Fromm Family Pet Foods has recalled selected varieties of their dog food pâtés out of concern over high levels of Vitamin D. The affected items are 12 ounce cans of Gold chicken pâté bearing product code 72705 11892 and case code 11893, Gold chicken & duck pâté with the product code 72705 11894 and case code 11895, and Gold salmon & chicken pâté with the product code 72705 and case code 11891.

Fromm Family Pet Foods has had no reports of health issues due to the use of these products, and maintains that even if a dog ate those product exclusively for a very long time, the likelihood of any effects other than a reduced appetite, if that, would be essentially non-existent. However, they prefer to err on the side of caution.

If you have any of these products, you should return them for a refund. You do not have to take them back to the place of purchase – any authorized Fromm seller will give you your money back.

If you want more information, call Fromm Family Pet Foods at 800-325-6331.Family Foods. To find an Authorized Fromm Retailer near you, visit frommfamily.com/retailers or call (800) 325-6331.

6. Purina Wet Dog Food (March 2016)

Nestlé Purina issued a recall on three dog foods carrying a “best before” date of June 2017 through August 2017, and carrying product codes with the first four digits being 5363 through to 6054. The affected products are all 10-ounce sizes, and are Beneful Prepared Meals Wet Dog Food, Beneful Chopped Blends Wet Dog Food and Pro Plan Savory Meals Wet Dog Food.

The reason for the recall is not overly concerning – it’s simply because internal testing revealed that some of these products may be low in the recommended allowance of vitamins and minerals. You can safely continue to feed these products in the short term.

To obtain a refund or for more information, call Purina at 800-877-7919.

7. MARS PetcareNutro Chewy Treats Apple (December 2015)

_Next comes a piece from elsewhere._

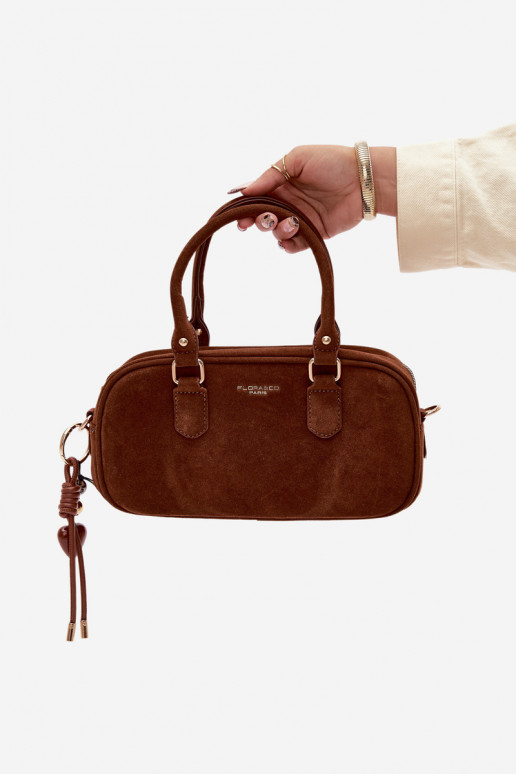 Handtas Typu Een stam Kleinvan eco-suèdeu bruine kleur Annelle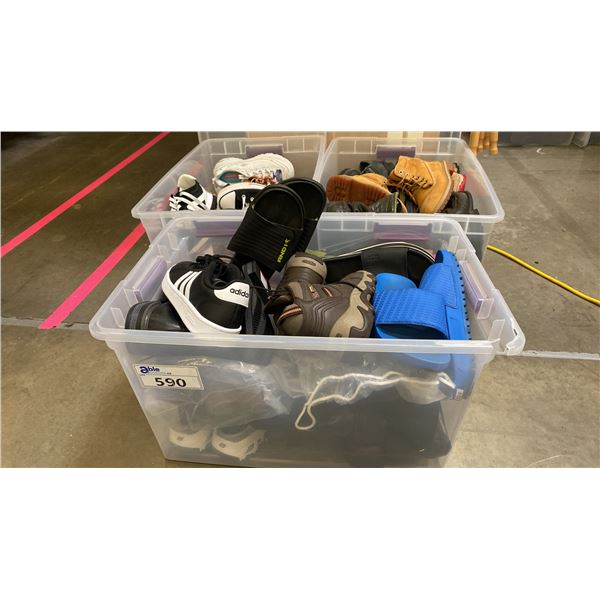 3 BOXES OF ASSORTED MEN'S SHOES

MARS Petcare voluntarily recalled their Nutro apple treats because of the potential for mold.Affected products are the 4-ounce size and carry the product code 7910511344 and lot codes beginning with 4 50, 5 02, 5 03 and 5 05.

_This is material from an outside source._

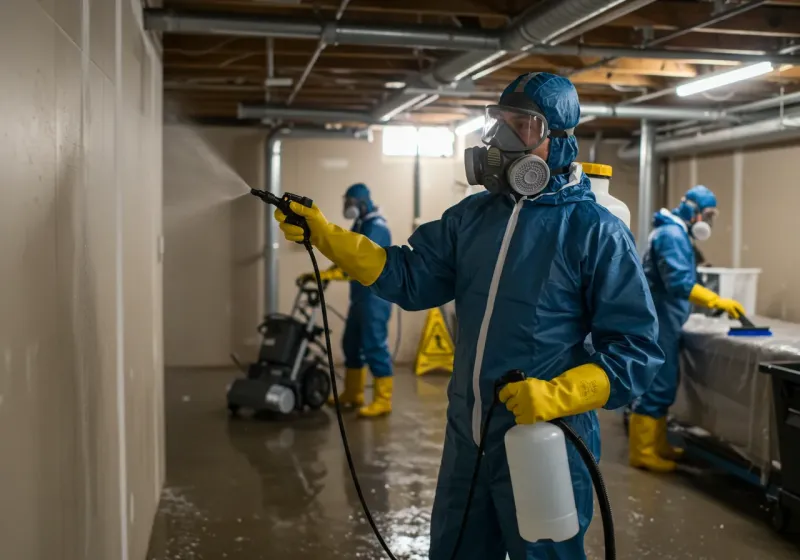 Basement Sanitization and Antimicrobial Treatment process in Pocahontas County, IA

I was unable to locate any information regarding refunds, but you can contact customer service at 800-833-5330 for more information.

8. Stella &Chewy’s Dinner Morsels (December 2015)

Stella & Chewy’s recalled their Super Beef Dinner Morsels owing to possible listeria monocytogenes contamination. The company was ordered by the Michigan Department of Agriculture and Rural Development to stop selling the product when testing revealed the contamination.

Affected products are the Frozen Stella’s Super Beef Dinner Morsels for Dogs, 8.5-ounce size with product code 186011 001554 and lot number 165-15, expiry date June 25, 2016, and the 4-pound size with product code 186011 001370, lot number 165-15 and expiry dates of June 25 or 26, 2016.

For information on the possible effects of listeria monocytogenes, see the listing for SmallBatch Pets Frozen Duckbatch Sliders.

You can get more information by emailing [email protected].

9. Bravo (December 2016)

Bravo recalled several products due to the possibility of salmonella contamination in some items. Out of extreme caution, they recalled everything that was made in their plant on the day of testing, whether or not it actually tested positive for contamination.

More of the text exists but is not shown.